Apoyó a los militares condenados por los crímenes de la dictadura
Removieron a un general por apología del terrorismo de Estado
En 2004, el militar había renunciado tras enterarse de la decisión de Néstor Kirchner de bajar los cuadros, pero volvió al Ejército con Mauricio Macri.
En un acto por el Día del arma de Caballería, el general retirado Rodrigo Soloaga se despachó con una reivindicación de sus camaradas presos por delitos de lesa humanidad. No habló de dictadura sino de una "difícil época para nuestro país" y los encomió por resistir con "estoicismo" las condiciones de detención. Desde un estrado oficial les envió su apoyo a quienes están detenidos por secuestrar, torturar, asesinar y desaparecer personas. El ministro de Defensa, Jorge Taiana, reaccionó y ordenó su remoción por apología del terrorismo de Estado.
"Es para recordar a todos los camaradas de Caballería que se encuentran privados de su libertad como consecuencia de haber cumplido funciones en las filas de la fuerza durante una difícil época para nuestro país y expresarles nuestro permanente y renovado acompañamiento en estas circunstancias que les toca enfrentar y que llevan con estoicismo", dijo Soloaga durante una conmemoración que se hizo en el Campo de Polo.
"Solo me queda hacerle llegar nuestro permanente apoyo espiritual y el deseo que prontamente puedan encontrarse con sus familiares y demás seres queridos", agregó Soloaga en el acto que se hizo el martes pasado en el predio de Remonta y Veterinaria del Ejército.
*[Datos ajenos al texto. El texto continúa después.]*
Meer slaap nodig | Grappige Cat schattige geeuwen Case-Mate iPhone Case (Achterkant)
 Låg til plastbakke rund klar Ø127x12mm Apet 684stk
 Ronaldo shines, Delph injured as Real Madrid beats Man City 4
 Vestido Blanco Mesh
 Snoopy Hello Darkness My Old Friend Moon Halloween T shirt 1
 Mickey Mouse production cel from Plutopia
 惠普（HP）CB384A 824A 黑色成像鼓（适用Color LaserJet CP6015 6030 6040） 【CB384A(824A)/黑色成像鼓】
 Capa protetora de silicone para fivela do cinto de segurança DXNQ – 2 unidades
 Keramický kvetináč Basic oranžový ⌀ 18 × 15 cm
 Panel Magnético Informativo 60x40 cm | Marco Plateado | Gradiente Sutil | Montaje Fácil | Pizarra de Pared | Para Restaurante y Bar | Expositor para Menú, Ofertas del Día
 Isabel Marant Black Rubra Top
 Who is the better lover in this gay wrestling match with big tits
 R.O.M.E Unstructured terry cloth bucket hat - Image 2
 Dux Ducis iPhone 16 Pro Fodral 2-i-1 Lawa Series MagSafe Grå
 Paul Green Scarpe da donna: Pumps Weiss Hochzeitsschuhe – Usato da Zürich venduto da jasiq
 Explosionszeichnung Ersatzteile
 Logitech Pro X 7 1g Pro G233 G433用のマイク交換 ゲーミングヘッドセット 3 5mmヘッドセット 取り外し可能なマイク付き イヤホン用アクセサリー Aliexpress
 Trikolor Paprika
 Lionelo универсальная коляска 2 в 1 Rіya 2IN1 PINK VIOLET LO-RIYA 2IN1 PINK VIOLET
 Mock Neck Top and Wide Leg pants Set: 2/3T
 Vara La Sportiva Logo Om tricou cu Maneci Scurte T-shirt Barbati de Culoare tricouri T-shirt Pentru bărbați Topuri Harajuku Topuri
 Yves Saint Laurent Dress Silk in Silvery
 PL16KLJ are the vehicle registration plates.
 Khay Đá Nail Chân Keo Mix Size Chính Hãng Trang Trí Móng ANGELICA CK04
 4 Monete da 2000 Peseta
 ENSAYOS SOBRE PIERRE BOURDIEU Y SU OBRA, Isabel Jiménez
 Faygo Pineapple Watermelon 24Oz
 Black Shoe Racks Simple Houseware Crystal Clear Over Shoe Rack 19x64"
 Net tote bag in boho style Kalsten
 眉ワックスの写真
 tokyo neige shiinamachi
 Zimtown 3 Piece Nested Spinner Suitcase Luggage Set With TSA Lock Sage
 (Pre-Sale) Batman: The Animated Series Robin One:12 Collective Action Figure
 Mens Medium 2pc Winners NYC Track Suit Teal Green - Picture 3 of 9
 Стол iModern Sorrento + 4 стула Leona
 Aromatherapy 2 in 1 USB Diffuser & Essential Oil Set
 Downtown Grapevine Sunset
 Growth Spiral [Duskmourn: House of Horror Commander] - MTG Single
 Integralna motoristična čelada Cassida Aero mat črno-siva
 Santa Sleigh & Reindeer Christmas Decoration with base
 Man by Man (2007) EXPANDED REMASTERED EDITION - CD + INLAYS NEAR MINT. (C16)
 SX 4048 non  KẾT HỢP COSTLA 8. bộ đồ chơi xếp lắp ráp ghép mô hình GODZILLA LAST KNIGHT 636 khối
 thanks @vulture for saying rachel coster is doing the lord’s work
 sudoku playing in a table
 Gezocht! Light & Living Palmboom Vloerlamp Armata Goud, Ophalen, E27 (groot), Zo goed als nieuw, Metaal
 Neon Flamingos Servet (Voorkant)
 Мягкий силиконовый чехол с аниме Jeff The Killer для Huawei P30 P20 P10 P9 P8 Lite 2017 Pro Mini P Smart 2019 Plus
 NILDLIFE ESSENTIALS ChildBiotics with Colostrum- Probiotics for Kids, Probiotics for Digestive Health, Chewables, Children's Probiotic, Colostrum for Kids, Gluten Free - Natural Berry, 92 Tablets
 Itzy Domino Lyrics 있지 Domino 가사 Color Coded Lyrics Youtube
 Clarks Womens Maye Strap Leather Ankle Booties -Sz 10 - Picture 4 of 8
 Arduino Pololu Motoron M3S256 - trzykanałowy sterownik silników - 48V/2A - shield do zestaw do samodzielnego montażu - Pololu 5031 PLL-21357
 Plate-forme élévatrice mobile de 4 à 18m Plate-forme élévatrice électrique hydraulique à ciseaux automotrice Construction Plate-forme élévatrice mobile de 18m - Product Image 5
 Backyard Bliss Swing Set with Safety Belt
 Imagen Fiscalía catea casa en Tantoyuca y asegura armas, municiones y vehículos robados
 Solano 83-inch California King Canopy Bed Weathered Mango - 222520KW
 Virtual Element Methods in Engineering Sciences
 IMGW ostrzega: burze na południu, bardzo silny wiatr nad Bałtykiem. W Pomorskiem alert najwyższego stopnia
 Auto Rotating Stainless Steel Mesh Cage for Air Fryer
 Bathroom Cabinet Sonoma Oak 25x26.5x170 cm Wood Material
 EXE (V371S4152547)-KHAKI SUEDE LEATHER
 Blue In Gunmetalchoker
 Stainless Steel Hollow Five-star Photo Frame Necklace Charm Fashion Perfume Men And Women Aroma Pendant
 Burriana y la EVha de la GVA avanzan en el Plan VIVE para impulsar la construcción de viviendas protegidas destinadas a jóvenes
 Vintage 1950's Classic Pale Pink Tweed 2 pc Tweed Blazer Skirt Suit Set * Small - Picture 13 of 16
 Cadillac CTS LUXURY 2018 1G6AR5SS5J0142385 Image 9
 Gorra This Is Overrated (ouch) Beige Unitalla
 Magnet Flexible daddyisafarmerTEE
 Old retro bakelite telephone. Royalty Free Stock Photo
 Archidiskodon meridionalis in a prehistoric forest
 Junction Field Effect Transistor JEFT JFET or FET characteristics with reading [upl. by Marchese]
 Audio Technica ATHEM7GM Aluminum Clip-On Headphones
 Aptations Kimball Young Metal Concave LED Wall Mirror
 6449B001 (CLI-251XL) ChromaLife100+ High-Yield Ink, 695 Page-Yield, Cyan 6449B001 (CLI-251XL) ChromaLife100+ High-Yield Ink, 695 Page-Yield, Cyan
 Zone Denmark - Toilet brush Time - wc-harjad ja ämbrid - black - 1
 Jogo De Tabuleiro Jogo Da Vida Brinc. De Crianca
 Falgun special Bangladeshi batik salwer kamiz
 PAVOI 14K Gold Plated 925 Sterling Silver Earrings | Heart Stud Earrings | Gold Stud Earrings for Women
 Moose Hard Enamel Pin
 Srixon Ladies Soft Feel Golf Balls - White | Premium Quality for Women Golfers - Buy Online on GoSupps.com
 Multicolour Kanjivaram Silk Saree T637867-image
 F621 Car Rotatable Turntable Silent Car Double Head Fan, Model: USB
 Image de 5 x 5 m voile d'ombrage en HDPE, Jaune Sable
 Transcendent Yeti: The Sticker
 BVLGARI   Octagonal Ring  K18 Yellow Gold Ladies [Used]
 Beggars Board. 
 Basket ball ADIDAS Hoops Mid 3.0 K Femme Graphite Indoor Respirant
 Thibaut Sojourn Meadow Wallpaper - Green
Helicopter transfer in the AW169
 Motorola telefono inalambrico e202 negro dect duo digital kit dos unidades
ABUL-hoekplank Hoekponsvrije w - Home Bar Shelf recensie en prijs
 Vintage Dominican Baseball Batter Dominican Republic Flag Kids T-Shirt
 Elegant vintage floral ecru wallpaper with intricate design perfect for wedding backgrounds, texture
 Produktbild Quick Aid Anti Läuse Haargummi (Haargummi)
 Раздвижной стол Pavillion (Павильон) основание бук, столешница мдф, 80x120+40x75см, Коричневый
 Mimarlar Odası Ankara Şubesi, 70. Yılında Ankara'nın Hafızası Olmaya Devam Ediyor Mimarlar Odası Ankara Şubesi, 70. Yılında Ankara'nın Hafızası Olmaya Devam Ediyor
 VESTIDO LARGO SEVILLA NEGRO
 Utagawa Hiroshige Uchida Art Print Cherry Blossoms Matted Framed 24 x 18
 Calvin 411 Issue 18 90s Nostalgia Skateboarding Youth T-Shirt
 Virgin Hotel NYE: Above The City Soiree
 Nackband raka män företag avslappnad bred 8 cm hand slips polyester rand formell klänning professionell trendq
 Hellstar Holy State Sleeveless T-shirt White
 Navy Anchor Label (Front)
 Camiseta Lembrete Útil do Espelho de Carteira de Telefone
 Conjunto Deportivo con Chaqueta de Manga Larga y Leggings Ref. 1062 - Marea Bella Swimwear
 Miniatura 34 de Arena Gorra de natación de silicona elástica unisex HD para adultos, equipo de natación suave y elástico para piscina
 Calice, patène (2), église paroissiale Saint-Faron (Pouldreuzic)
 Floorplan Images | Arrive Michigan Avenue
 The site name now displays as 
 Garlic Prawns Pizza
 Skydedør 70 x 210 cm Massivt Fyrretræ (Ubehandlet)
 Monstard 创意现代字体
Al día siguiente, se comunicó desde la cuenta de Twitter del Colegio Militar de la Nación que Soloaga había participado de otra conmemoración por el Día del arma de Caballería con los cadetes.
Si bien se retiró en 2004 en repudio a la política de Memoria, Verdad y Justicia del gobierno kirchnerista, volvió a la fuerza durante la gestión de Mauricio Macri.
Desde la mesa de organismos de derechos humanos expresaron su preocupación por la proclama de Soloaga a favor de los genocidas. "Dichos como los de Soloaga no pueden ser consentidos. Sus expresiones horadan la democracia, que hace casi 40 años recuperamos, y atentan contra la búsqueda de justicia que nos ha guiado durante las últimas décadas", sostuvieron en un comunicado que lleva la firma de Abuelas de Plaza de Mayo, Madres de Plaza de Mayo-Línea Fundadora, Familiares de Desaparecidos y Detenidos por Razones Políticas, H.I.J.O.S Capital, la ADPH, APDH La Matanza, la Asociación Buena Memoria, el CELS, la Comisión Memoria, Verdad y Justicia Zona Norte, Familiares y Compañeros de los 12 de la Santa Cruz, la Fundación Memoria Histórica y Social Argentina, la Liga Argentina por los Derechos Humanos y el Movimiento Ecuménico por los Derechos Humanos.
El secretario de Derechos Humanos de la Nación, Horacio Pietragalla Corti, también repudió la reivindicación de Soloaga de los condenados o procesados por delitos de lesa humanidad. "En las fuerzas de la democracia no se puede permitir darle lugar a estos negacionistas retirados", tuiteó.
Después de una denuncia presentada por el director nacional de Derechos Humanos Eduardo Jozami, Taiana ordenó la remoción de Soloaga por violar el Código de Disciplina Militar. “Los dichos de Soloaga referidos contrarían no sólo un amplísimo consenso nacional que sostiene las políticas de Memoria, Verdad y Justicia que el Estado Nacional viene llevando a cabo desde el año 2003, sino también las decisiones adoptadas en reiteradas oportunidades por el Poder Legislativo y las altas autoridades de la Justicia Nacional", dice la resolución del Ministerio.
“A 40 años de democracia, es inaceptable y no toleraremos bajo ninguna circunstancia este tipo de manifestaciones y les cabrá la sanción disciplinaria correspondiente a quienes tengan estos pronunciamientos que atentan contra la democracia y las políticas de memoria, verdad y justicia”, concluyó Taiana.
Las manifestaciones de Soloaga en reivindicación de los represores detenidos por crímenes de lesa humanidad se inscriben en un contexto de crecimiento de las expresiones de ultra-derecha, los discurso de odio y el negacionismo.